From the Introduction
A little over a decade ago, the Chinese Government began to actively encourage Chinese companies to invest abroad as part of its “going out” strategy. Since then, with the introduction of the One Belt One Road (OBOR) Initiative in 2013, the overseas investment of Chinese State Owned Enterprises (SOE) and private companies has increased exponentially. While both companies and local stakeholders in the recipient countries have high expectations for these projects, many companies become quickly frustrated at their inability to identify and manage various risks, particularly at the societal level. Chinese corporate projects have, in many cases, provoked community dissatisfaction and unrest, and in some cases contributed to broader tensions and instability within the host state.
This has resulted in substantial losses incurred by Chinese companies, particularly when involving highly complex environments such as Libya, Myanmar, or the DRC. This experience is leading to a growing awareness in China about the need to learn from responsible business practice approaches in order to better manage risks to and impacts of their overseas investments.
One such Chinese company, The Union Development Company (UDG), operates a concession in Southwestern Cambodia for development of the Cambodia Tourism Coastal Zone Development Project. In the early 2010s, UDG recognized growing tensions between its project and local communities. It identified a need for a new approach to stakeholders and sought to learn from global experience in responsible business practice to enhance the conflict sensitivity of its approach and to strengthen its social license to operate. In 2015, UDG invited the New Century Academy for Transnational Corporations (NATC), CDA Collaborative Learning Projects (CDA), and the American Friends Service Committee (AFSC) to provide UDG with a consultation and pre-assessment of UDG’s operations in Cambodia towards those ends.
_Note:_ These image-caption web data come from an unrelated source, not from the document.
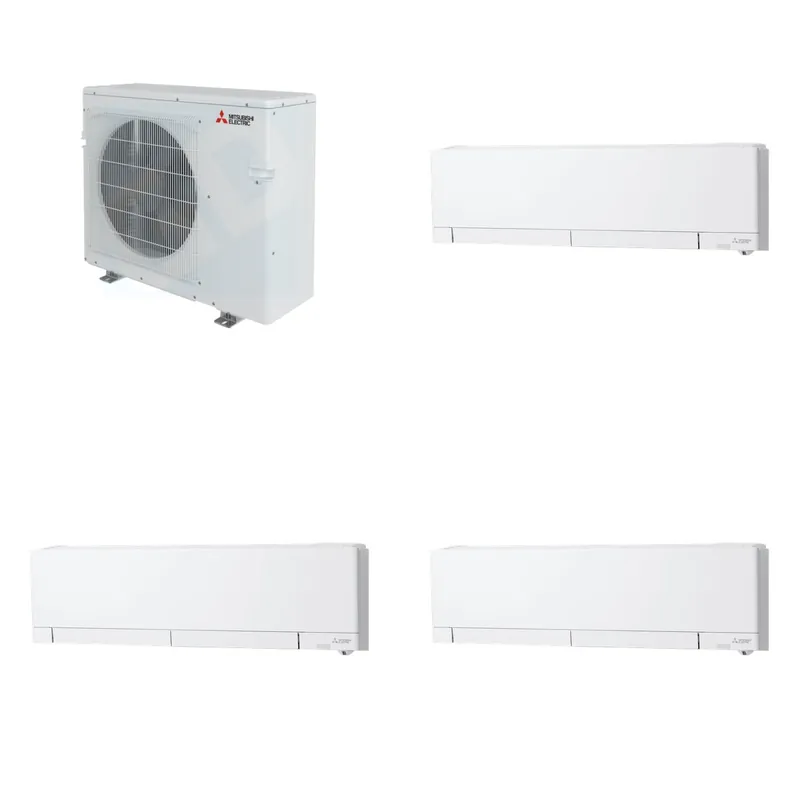 Mitsubishi Multi-Zone 28600 BTU R-454B 20 SEER2 3-Zone Wall-Mounted Hyper Heat Mini Split Heat Pump System - 6K+6K+6K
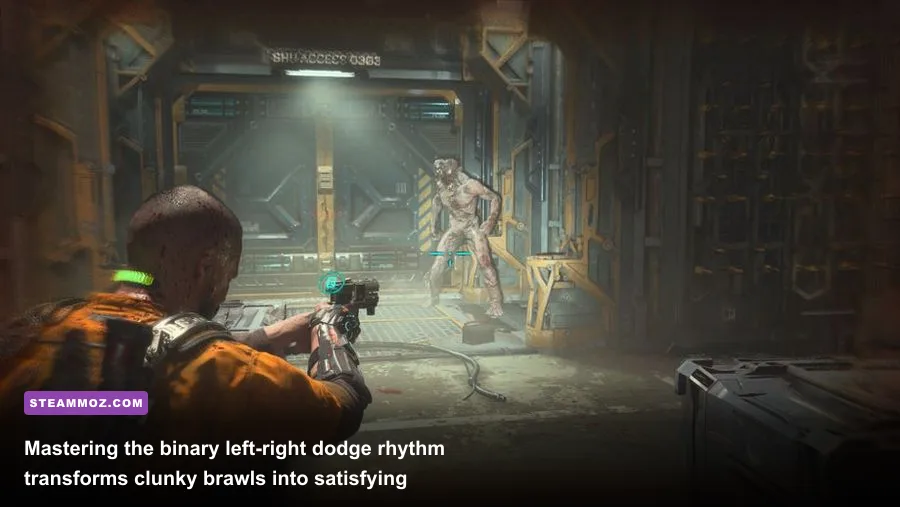 Jacob dodging a mutated Biophage attack in close-quarters melee combat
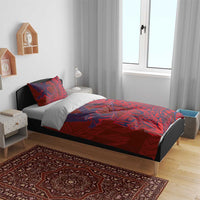 Samoa Pago Pago Aeto Bedding Set Wingstyle Red-Blue Color - Polynesian Pride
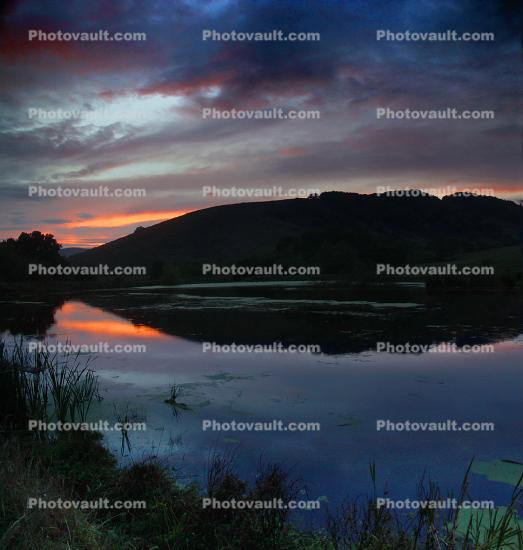Pond, Water, Sunset, Reflection, Reservoir, Lake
A NATC, CDA, and AFSC field team visited Cambodia and the UDG project in October 2015 for the purposes of analyzing how the company and communities interact, examining the impacts of company activities on the lives of local people, identifying the broad outlines of a strategy by which the company can approach constructive engagement. This report, which is based on that visit, includes insights about the operations and the context in which UDG operates and preliminary findings regarding Chinese business practices that either help build positive relations with local communities or engender community dissatisfaction and opposition. The findings presented here can provide insights and options for working with Chinese companies to advance social engagement, enhance contributions to development and strengthen conflict risk management practices.
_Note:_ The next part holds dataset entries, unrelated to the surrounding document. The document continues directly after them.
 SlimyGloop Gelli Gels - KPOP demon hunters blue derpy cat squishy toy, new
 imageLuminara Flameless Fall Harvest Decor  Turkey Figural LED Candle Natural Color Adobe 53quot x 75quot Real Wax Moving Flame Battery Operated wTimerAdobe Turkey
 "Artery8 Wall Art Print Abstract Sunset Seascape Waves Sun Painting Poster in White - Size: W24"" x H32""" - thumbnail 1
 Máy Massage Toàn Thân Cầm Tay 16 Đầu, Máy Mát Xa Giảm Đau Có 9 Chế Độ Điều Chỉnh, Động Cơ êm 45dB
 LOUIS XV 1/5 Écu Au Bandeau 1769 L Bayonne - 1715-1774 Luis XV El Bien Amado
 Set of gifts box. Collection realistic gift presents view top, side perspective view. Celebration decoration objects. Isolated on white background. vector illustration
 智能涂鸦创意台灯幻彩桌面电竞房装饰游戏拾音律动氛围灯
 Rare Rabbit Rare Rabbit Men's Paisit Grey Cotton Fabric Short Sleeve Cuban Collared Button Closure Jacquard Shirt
CDA Engagement with Chinese Companies, Experts, and Financial Institutions
In partnership with the America Friends Service Committee (AFSC) and Chinese partner the New Century Academy on Transnational Corporations’ (NATC), CDA has engaged in dialogue with Chinese companies, experts, and financial institutions, and continues to explore field-based opportunities to institute conflict sensitivity within Chinese companies operating in countries such as Cambodia and Myanmar.
CDA acted as a reviewer for NATC’s resource book for Chinese companies, which includes key CDA guidance tools. More recently, with AFSC and NATC, CDA conducted an initial conflict sensitivity assessment of the operations of the Union Development Group in Cambodia.